A few years after Jobs and Wozniak began tinkering in that now-famous garage, PCs were fundamentally transforming business decision-making. Managers suddenly had access to menu-driven, visual applications they could interact with in real time.
This shift from batch-oriented, IT-mediated computing to interactive, user-controlled applications democratized decision support — empowering individuals to make choices on the spot instead of waiting for static reports that were often outdated by the time they arrived.
For those of us working on planning and optimization solutions in the supply chain space, these were exciting times. We could finally begin linking Operations Research (OR) models with the new world of interactive, menu-driven applications.
With the arrival of commercial solvers, we started developing visual network design and tactical planning tools that managers could use directly. But time quickly became a major bottleneck — not just the time to prepare scenarios and interpret results, but above all the processing power needed to run them.
Computing speed, more than anything else, set the practical limits of what was possible.
To deliver affordable solutions with a reasonable chance of success, we had no choice but to design — or more accurately, match — models to the machines we had. Optimality in the textbook sense was usually not an option.
To this day, the goal remains the same: solutions that can consistently generate good-quality results in a reasonable amount of time, at an affordable cost. 
Call it Pareto meets OR.
The fact that many of these solutions have lasted far longer than industry norms — one of the earliest supply chain planning systems recently turned 32 — is a solid indication that this approach works: right-scope the model, aim for good results, and don’t overcomplicate things.
Back to the Future
So when that expert suggested that the size of our database wasn’t big enough for a robust solution, I understood his perspective — but I’m not changing my mind.
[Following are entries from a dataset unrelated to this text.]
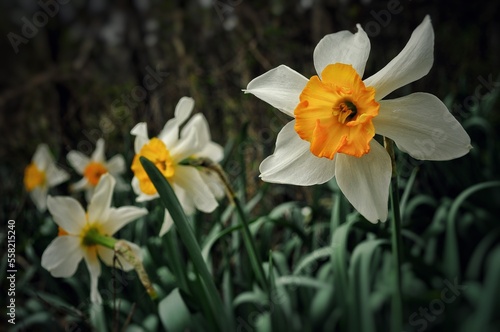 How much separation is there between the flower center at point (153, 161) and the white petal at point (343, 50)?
47 cm

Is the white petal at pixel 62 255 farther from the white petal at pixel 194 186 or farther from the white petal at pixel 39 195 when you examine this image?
the white petal at pixel 39 195

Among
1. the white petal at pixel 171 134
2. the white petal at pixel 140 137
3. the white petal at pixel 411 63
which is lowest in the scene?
the white petal at pixel 411 63

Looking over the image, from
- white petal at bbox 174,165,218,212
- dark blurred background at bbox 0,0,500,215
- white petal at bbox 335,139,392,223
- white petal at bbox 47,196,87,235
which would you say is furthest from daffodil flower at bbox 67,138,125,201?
white petal at bbox 335,139,392,223

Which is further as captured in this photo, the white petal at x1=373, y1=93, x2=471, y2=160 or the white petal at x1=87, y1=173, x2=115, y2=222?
the white petal at x1=87, y1=173, x2=115, y2=222

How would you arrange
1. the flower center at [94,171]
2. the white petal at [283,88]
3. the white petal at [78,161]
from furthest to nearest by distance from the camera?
the white petal at [78,161]
the flower center at [94,171]
the white petal at [283,88]

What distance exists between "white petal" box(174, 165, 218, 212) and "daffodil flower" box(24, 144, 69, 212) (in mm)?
1364

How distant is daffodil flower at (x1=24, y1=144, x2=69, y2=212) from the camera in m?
2.33

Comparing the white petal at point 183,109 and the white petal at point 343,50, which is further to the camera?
the white petal at point 183,109

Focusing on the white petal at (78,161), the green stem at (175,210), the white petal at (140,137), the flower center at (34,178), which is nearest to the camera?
the green stem at (175,210)

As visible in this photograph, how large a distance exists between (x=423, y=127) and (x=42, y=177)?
2.06 meters

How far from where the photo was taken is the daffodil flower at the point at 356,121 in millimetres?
763

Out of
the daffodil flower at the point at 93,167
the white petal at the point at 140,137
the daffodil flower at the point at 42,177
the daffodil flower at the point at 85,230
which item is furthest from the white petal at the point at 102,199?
the daffodil flower at the point at 42,177

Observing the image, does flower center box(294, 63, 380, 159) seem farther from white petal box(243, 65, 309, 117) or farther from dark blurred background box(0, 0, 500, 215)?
dark blurred background box(0, 0, 500, 215)

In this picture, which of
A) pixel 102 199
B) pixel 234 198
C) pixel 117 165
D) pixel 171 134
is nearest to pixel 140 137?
pixel 171 134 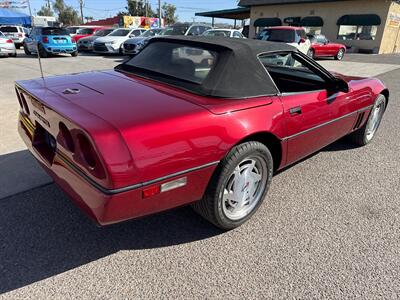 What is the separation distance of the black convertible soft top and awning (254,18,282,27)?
3039cm

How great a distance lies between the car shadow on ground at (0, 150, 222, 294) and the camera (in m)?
A: 2.16

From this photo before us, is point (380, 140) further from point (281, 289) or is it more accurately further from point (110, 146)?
point (110, 146)

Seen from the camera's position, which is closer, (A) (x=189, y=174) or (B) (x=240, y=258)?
(A) (x=189, y=174)

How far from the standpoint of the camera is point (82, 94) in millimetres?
2375

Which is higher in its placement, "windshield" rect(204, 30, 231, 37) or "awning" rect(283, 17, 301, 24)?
"awning" rect(283, 17, 301, 24)

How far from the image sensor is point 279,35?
541 inches

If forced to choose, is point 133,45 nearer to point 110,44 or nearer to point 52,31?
point 110,44

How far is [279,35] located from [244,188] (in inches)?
501

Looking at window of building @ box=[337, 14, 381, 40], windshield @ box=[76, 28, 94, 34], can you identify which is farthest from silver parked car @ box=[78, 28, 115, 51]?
window of building @ box=[337, 14, 381, 40]

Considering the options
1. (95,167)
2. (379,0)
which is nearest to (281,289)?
(95,167)

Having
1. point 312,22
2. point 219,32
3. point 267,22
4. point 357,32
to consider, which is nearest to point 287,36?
point 219,32

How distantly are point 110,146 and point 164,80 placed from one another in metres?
1.16

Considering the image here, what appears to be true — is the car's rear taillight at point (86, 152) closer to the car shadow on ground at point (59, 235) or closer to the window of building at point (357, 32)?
the car shadow on ground at point (59, 235)

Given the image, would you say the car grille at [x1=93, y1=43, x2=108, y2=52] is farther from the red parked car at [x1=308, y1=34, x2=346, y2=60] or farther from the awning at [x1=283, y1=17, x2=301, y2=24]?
the awning at [x1=283, y1=17, x2=301, y2=24] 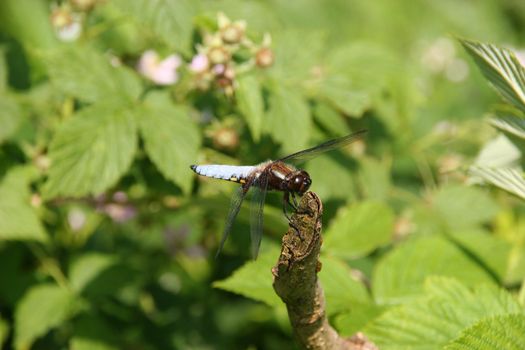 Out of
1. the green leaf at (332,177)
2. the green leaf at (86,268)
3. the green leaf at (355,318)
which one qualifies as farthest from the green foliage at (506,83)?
the green leaf at (86,268)

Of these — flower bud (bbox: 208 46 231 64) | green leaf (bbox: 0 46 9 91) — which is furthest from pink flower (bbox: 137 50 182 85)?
green leaf (bbox: 0 46 9 91)

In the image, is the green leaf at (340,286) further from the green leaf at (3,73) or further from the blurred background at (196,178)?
the green leaf at (3,73)

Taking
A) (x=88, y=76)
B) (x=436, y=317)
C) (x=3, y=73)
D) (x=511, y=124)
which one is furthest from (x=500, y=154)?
(x=3, y=73)

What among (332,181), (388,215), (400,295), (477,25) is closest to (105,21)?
(332,181)

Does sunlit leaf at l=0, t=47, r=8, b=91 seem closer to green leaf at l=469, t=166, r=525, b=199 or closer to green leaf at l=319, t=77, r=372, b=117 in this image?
green leaf at l=319, t=77, r=372, b=117

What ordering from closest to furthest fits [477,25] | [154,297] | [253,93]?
[253,93], [154,297], [477,25]

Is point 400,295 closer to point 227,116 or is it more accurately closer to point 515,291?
point 515,291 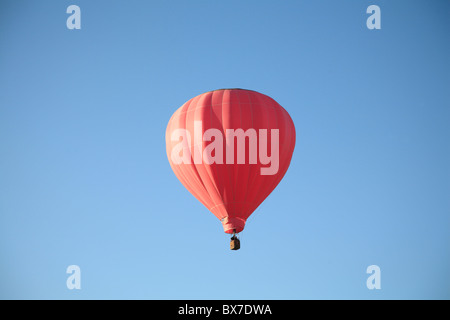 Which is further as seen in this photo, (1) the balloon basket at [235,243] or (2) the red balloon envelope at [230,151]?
(2) the red balloon envelope at [230,151]

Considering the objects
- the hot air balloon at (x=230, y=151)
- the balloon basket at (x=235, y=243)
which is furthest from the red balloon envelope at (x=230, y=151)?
the balloon basket at (x=235, y=243)

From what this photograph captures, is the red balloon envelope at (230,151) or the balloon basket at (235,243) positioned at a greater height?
the red balloon envelope at (230,151)

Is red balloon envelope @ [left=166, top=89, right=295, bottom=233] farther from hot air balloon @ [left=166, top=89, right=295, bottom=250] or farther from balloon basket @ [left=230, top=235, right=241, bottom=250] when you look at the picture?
balloon basket @ [left=230, top=235, right=241, bottom=250]

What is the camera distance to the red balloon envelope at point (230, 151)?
1181 inches

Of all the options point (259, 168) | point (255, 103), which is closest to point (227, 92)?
point (255, 103)

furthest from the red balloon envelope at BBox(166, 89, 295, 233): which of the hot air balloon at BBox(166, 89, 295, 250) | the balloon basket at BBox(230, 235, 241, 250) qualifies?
the balloon basket at BBox(230, 235, 241, 250)

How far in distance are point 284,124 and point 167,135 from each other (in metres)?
4.42

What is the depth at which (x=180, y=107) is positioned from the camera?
31.6 m

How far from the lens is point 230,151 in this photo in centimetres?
3005

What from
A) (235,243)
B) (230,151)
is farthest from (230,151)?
(235,243)

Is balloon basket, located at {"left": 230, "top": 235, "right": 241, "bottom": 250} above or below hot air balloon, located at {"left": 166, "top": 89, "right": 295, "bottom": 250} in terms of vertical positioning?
below

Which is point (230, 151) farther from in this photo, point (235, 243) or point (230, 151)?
point (235, 243)

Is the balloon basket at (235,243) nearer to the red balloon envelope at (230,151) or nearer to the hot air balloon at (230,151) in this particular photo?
the hot air balloon at (230,151)

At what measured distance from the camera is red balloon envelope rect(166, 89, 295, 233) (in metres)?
30.0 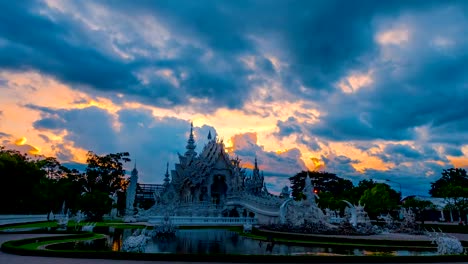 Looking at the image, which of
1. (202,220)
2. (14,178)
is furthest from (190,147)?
(14,178)

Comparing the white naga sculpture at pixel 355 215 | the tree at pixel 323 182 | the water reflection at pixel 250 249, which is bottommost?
the water reflection at pixel 250 249

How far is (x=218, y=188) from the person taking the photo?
2566 inches

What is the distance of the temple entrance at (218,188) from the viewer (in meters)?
64.1

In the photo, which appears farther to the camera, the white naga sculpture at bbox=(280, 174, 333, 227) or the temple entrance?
the temple entrance

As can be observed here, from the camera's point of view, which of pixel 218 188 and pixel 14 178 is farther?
pixel 218 188

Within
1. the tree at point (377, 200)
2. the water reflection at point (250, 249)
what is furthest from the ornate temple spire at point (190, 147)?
the water reflection at point (250, 249)

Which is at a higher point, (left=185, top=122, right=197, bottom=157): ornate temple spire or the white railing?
(left=185, top=122, right=197, bottom=157): ornate temple spire

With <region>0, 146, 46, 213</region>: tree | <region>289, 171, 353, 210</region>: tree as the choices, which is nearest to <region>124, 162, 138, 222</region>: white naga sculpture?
<region>0, 146, 46, 213</region>: tree

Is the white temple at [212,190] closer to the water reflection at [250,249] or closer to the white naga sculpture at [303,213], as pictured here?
the white naga sculpture at [303,213]

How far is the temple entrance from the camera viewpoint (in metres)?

Some supply chain modeling apps aim to handle more complex problems. To do that, they pack in the features and functionality to support this complexity — which inevitably comes at the cost of usability, speed, and adoption.
At Factible Tools, we’ve chosen a different path: to build a supply chain network design and tactical planning tool that delivers what the vast majority of organizations actually need.
We add complexity only where it benefits the broader community of users. Our solution won’t be the right fit in every case, and that’s fine. But for the many who want good answers quickly, without wading through endless configuration screens, “less” isn’t just more — it’s just right.
After 30+ years of watching simpler solutions outlast more sophisticated ones, I’ll keep chasing the metric that matters most: do people actually use what we build to make better decisions?
Because in the end, that’s the clearest sign we’ve been on the right track — and still are.